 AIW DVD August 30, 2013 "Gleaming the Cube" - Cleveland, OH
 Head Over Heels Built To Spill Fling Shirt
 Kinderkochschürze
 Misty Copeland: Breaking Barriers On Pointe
_ _ _ _ _
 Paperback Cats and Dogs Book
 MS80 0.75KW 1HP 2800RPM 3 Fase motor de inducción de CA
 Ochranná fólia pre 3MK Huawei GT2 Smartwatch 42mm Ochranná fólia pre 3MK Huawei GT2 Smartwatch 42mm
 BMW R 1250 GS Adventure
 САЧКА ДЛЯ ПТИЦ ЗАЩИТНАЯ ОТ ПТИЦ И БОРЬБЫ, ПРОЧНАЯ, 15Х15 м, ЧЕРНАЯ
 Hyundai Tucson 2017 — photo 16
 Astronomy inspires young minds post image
_ _ _ _ _
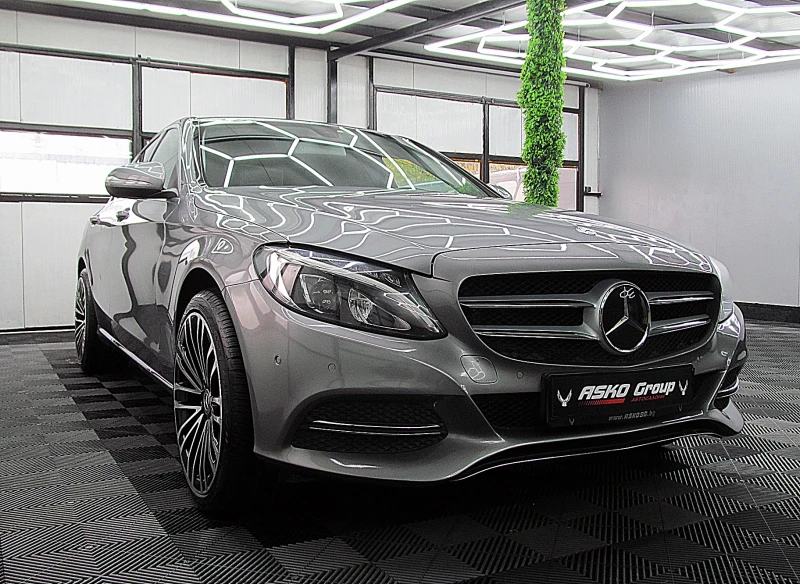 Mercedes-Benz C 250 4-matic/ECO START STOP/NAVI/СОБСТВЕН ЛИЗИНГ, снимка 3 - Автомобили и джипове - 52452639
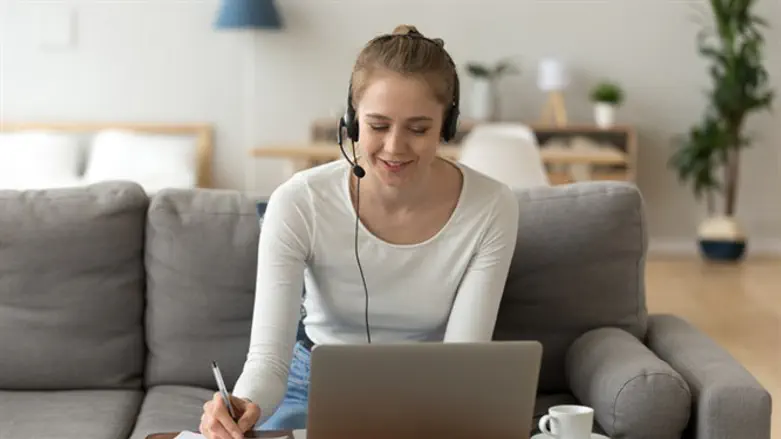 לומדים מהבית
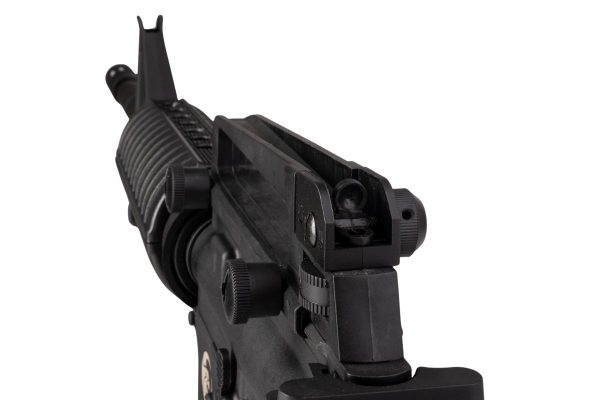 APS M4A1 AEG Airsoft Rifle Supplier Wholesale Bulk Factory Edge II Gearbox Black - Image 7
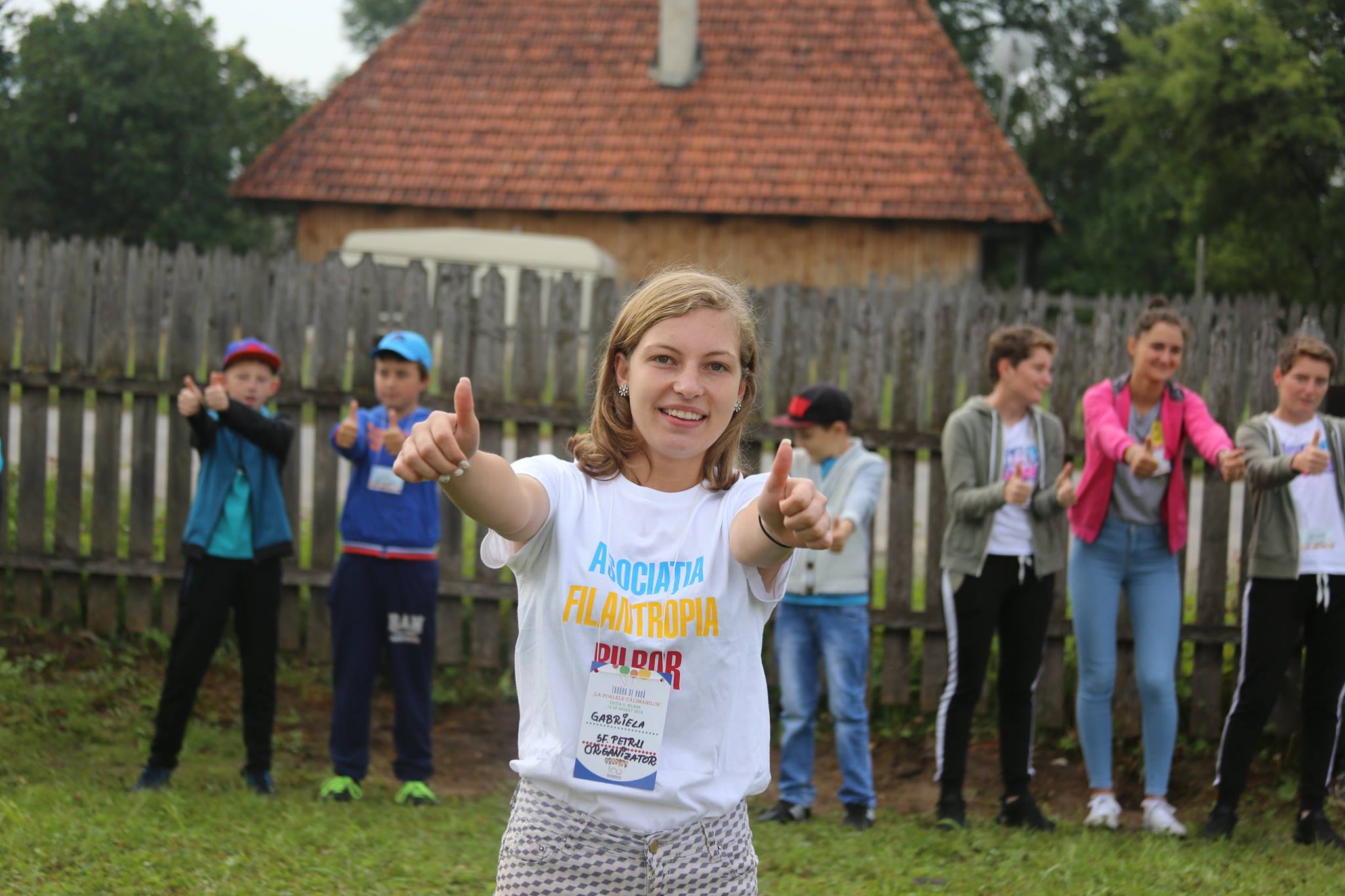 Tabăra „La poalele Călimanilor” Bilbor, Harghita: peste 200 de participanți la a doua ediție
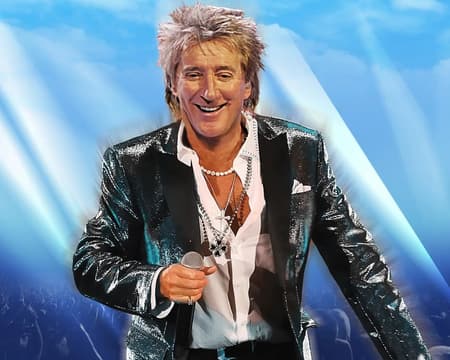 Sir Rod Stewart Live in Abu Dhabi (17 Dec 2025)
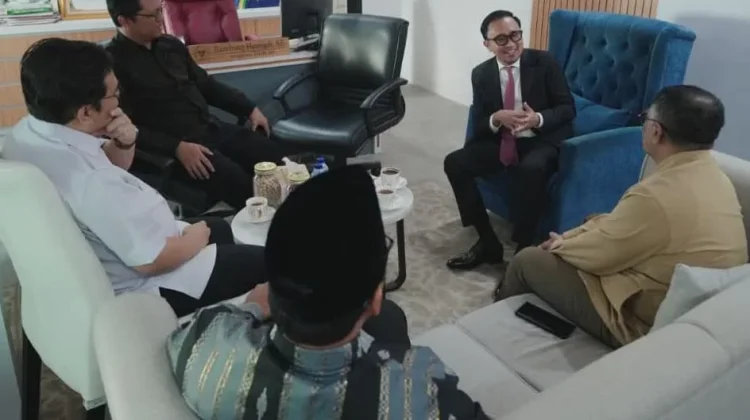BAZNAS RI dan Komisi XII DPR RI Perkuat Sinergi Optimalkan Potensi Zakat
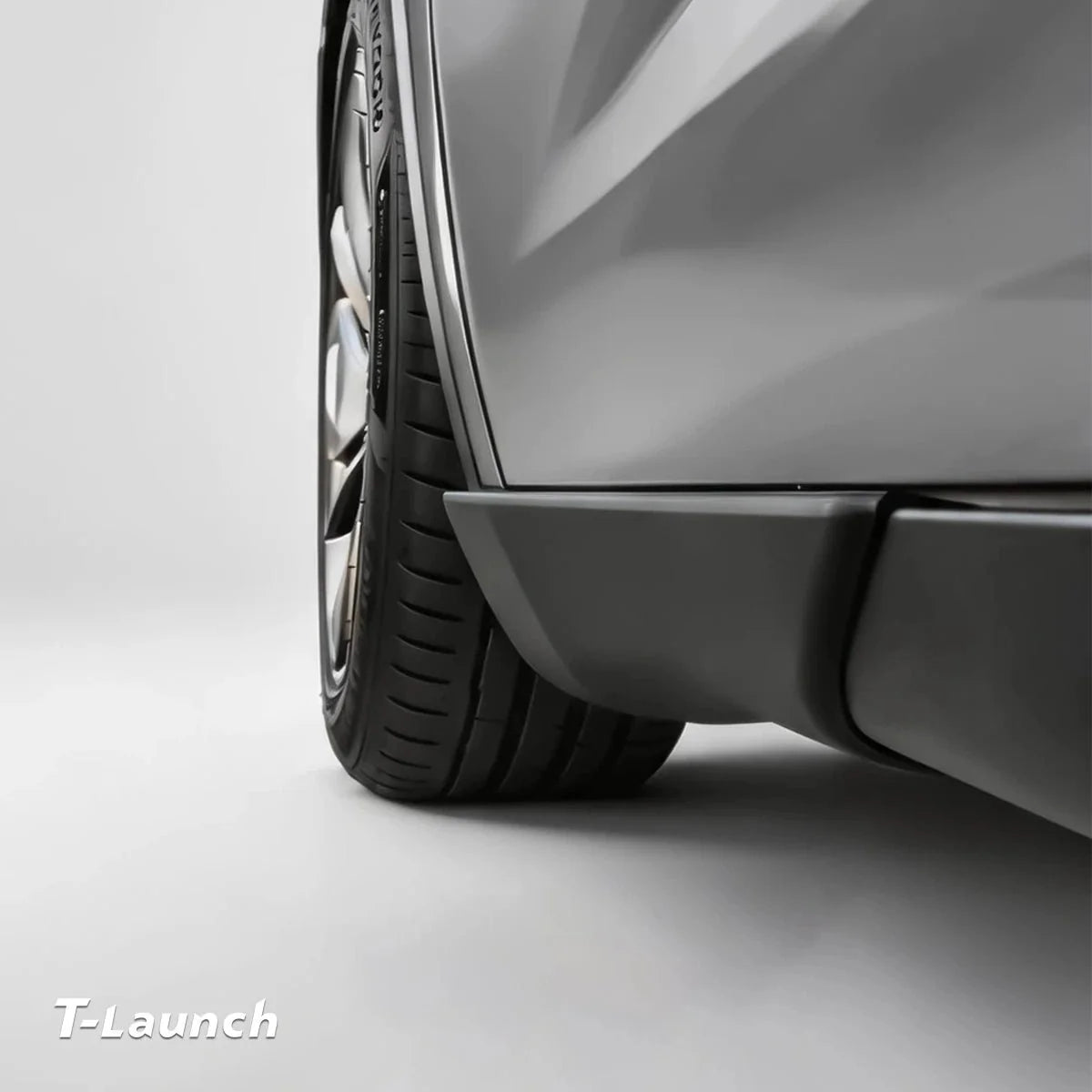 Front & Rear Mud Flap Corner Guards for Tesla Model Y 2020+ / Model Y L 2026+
_ _ _ _ _
_Action item_. The copy should hold only the lines from the one with "Sir Rod Stewart" through the one with "Front & Rear", exactly as they stand above. Leave out the pictures.

_Expected answer_.
 Sir Rod Stewart Live in Abu Dhabi (17 Dec 2025)
BAZNAS RI dan Komisi XII DPR RI Perkuat Sinergi Optimalkan Potensi Zakat
 Front & Rear Mud Flap Corner Guards for Tesla Model Y 2020+ / Model Y L 2026+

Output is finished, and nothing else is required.